> [PROBLEM]:
Write out the data word for word and omit every picture.

> [AVAILABLE DATA]:
★ ★ ★ ★ ★ ★ ★

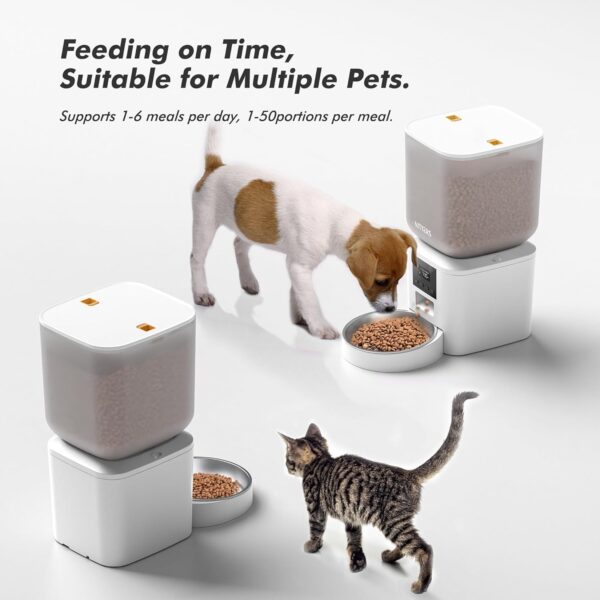 Automatic Dog Feeder - 8L/34 Cups Large Capacity Automatic Cat Food Dispenser with Display LCD Screen,Large Food Tray,Battery Operated,Timed Cat Feeder,Up to 50 Portions 6 Meals Per Day,Keeps Fresh - Image 3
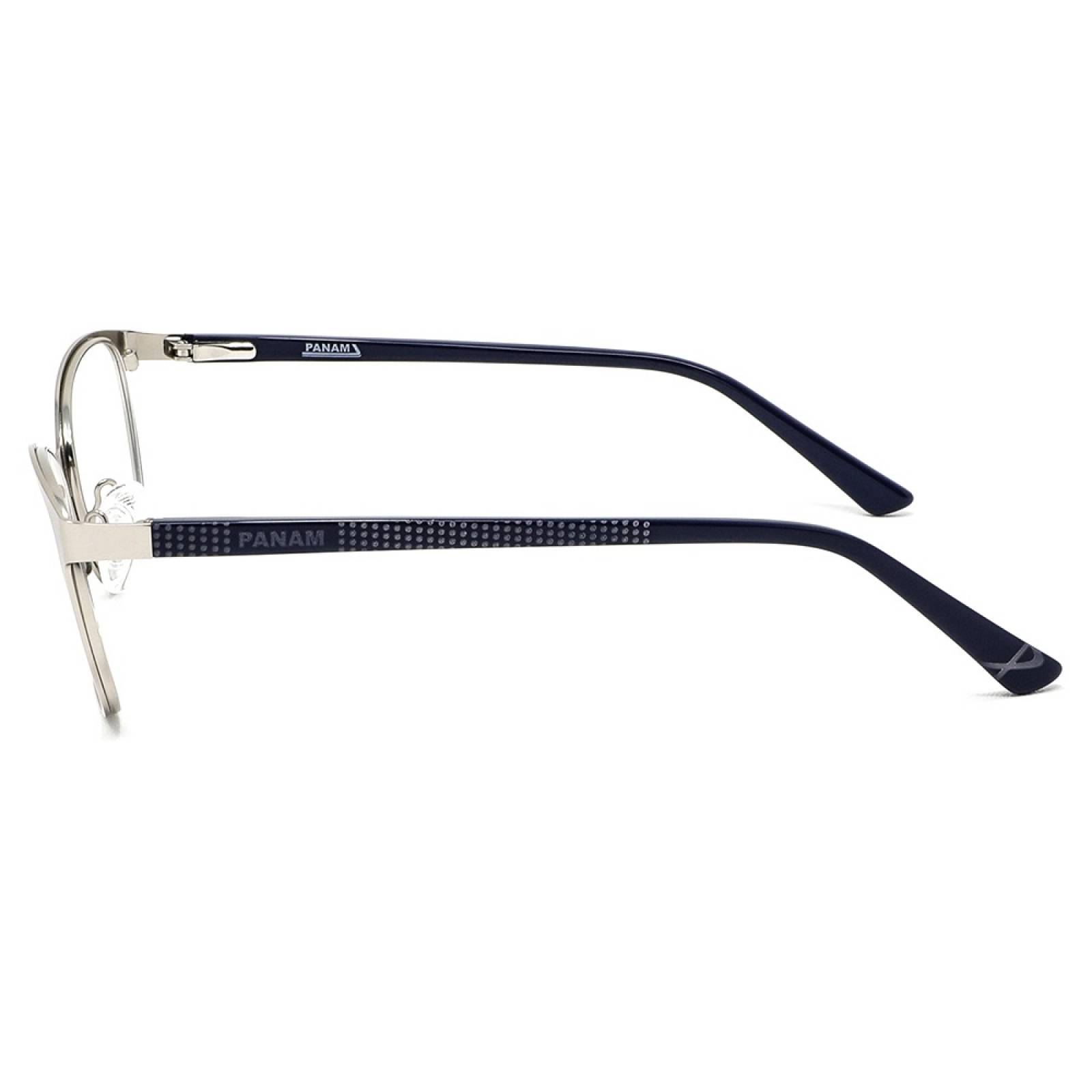 Lentes Oftálmicos Dama Forma Pantos Armazón Metal Gris Panam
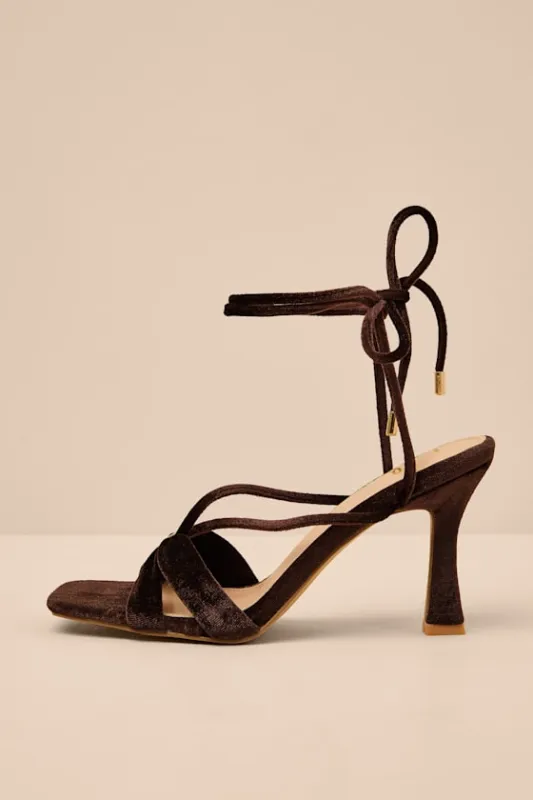 Marie Chocolate Velvet Lace-Up High Heel Sandals sold by Lulus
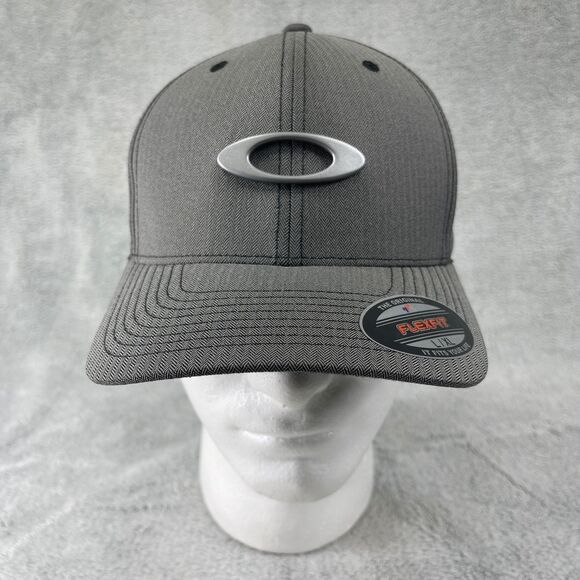 Oakley Hat Men's Flexfit L/XL Metal Gas Can Logo Flex Fit Cap Grey - Picture 2 of 11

★ ★ ★ ★ ★ ★ ★

> [TASK SOLUTION]:
 Automatic Dog Feeder - 8L/34 Cups Large Capacity Automatic Cat Food Dispenser with Display LCD Screen,Large Food Tray,Battery Operated,Timed Cat Feeder,Up to 50 Portions 6 Meals Per Day,Keeps Fresh - Image 3
 Lentes Oftálmicos Dama Forma Pantos Armazón Metal Gris Panam
 Marie Chocolate Velvet Lace-Up High Heel Sandals sold by Lulus
 Oakley Hat Men's Flexfit L/XL Metal Gas Can Logo Flex Fit Cap Grey - Picture 2 of 11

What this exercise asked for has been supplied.